By Scott McLaughlin/DFP Staff
Merrimack came into Game 1 of its quarterfinals series against BU with the third-best power play in the country, converting on 22.9 percent of its man-up chance. But on Friday night, the Terrier penalty kill, which had been struggling of late, held the Warrior power play to an 0-for-6 showing.
In its last three games of the regular season, BU killed just 69.2 percent of its penalties (compared to 80.0 percent on the season). In its first postseason game, it kept Merrimack to just three shots on its first five chances. The Warriors broke through with four shots on their last power play of the game, but sophomore goalie Kieran Millan made several timely stops to preserve the 3-2 win.
“We did a great job early on killing their power plays,” BU coach Jack Parker said. “They really put some pressure on us their last couple. I thought we dodged a couple bullets — either Kieran came up with a big save or they shot it wide.”
The key to stopping the Merrimack power play was taking away Stephane Da Costa. The freshman from Paris ranked third in the country and second in Hockey East with 1.42 points per game coming in.
“All week we’ve been working hard on taking away their power play,” said sophomore defenseman David Warsofsky. “They like to find Da Costa a lot, so we recognized where he was on the ice and tried to take him away as best we could. They have a great power play, but tonight I think our penalty kill was a little bit better.”
Still, it was Da Costa who had the best chance to tie the game on the Warriors’ final man advantage. After Terrier forward Vinny Saponari, who had two goals in the game, was sent off for a high stick with six minutes left in the game, Merrimack did a great job cycling the puck and finding shooting lanes.
After Millan had already made three saves on that kill, the puck found its way to Da Costa at the left faceoff dot — his home away from home on the power play. After a brief hesitation, he tried to snipe the top right corner with a slap shot, but Millan snagged it with a flashy glove save.

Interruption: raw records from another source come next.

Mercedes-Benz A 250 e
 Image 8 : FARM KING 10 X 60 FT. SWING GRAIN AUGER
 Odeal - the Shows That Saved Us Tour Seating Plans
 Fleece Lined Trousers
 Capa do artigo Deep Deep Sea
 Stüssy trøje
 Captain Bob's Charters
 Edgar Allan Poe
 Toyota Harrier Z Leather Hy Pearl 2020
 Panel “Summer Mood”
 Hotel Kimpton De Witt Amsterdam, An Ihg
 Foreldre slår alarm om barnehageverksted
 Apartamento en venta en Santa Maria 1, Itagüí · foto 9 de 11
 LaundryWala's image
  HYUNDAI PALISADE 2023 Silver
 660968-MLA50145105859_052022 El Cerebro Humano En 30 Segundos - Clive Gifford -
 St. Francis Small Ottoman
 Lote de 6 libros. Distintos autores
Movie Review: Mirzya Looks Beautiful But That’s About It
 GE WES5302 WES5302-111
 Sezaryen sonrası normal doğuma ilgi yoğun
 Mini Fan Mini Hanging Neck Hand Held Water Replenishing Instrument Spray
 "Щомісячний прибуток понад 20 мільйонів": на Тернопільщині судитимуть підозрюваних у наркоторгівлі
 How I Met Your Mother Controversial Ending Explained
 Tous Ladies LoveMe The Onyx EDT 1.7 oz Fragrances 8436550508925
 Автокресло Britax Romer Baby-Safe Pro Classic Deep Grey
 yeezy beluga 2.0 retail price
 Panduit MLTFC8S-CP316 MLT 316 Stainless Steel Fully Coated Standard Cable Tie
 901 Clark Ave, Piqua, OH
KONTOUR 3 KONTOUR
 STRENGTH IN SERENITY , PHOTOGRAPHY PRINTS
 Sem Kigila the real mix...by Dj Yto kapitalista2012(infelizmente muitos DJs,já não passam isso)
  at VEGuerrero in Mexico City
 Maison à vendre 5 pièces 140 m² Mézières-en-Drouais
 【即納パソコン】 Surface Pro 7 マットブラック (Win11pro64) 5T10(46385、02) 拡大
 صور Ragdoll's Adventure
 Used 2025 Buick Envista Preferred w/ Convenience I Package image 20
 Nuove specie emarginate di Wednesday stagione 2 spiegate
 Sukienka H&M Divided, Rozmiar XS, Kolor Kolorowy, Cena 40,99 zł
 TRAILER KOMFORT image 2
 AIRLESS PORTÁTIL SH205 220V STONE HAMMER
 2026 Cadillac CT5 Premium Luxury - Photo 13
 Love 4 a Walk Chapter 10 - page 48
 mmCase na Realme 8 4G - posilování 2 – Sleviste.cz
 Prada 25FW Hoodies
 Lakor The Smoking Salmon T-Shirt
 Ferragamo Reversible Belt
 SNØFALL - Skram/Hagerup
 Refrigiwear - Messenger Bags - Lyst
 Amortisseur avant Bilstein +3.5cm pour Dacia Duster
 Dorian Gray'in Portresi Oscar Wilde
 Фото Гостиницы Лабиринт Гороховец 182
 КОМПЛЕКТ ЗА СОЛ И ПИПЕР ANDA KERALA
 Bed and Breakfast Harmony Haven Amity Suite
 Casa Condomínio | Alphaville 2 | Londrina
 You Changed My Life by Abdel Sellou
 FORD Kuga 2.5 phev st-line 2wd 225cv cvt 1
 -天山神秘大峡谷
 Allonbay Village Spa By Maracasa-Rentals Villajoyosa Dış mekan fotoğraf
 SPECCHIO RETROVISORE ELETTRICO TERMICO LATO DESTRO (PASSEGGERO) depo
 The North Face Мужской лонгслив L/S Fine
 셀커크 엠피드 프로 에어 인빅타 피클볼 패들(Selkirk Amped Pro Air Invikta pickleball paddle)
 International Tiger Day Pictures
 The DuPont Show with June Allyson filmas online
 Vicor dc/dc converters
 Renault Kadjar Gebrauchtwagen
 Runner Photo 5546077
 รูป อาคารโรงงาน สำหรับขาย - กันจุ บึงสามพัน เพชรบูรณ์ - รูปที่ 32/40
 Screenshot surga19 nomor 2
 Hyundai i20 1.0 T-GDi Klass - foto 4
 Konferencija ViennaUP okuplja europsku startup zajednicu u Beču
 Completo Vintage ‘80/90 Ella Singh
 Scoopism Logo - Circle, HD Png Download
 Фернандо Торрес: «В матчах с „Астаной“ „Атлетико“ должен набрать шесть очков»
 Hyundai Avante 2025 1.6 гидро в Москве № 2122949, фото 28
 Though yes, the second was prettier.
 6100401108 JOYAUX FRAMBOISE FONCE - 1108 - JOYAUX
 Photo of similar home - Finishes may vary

“He definitely wasn’t happy with their second goal,” Saponari said of his goalie. “To be able to come back like that mentally and make a huge glove save there at the end, that’s what we need him to do. That’s what he did for us last year. We’re pretty confident in him going through. He knows what’s at stake and he’s always played his best in big games.”
Throughout the game, the Warriors kept a forward hanging out at center ice while the Terriers had possession in the offensive zone. They were able to create a number of rushes using it, but ultimately BU was able to adjust and hold the strategy at bay. The Terriers still kept five men in the zone when they had possession, but then got back as quickly as possible as soon as Merrimack took over.
“I’ve seen two or three coaches that have really enjoyed using it a lot,” Parker said. “It’s 4-on-4 in their zone. And when you get possession, you can make it 5-on-4. We had a couple power plays going there for a while. But you better be careful, because if you let him go… In general, we did a pretty good job of coming in and then going back out again when we realized it was imminent danger.”
Warsofsky, for one, enjoyed having the extra space created by Merrimack only bringing four guys back.
“If you’re the guy in the zone, it’s pretty fun,” he said. “You kind of just go wherever you want. So, I definitely liked that a lot. You just have to be aware of where [the hanger] is on the ice.”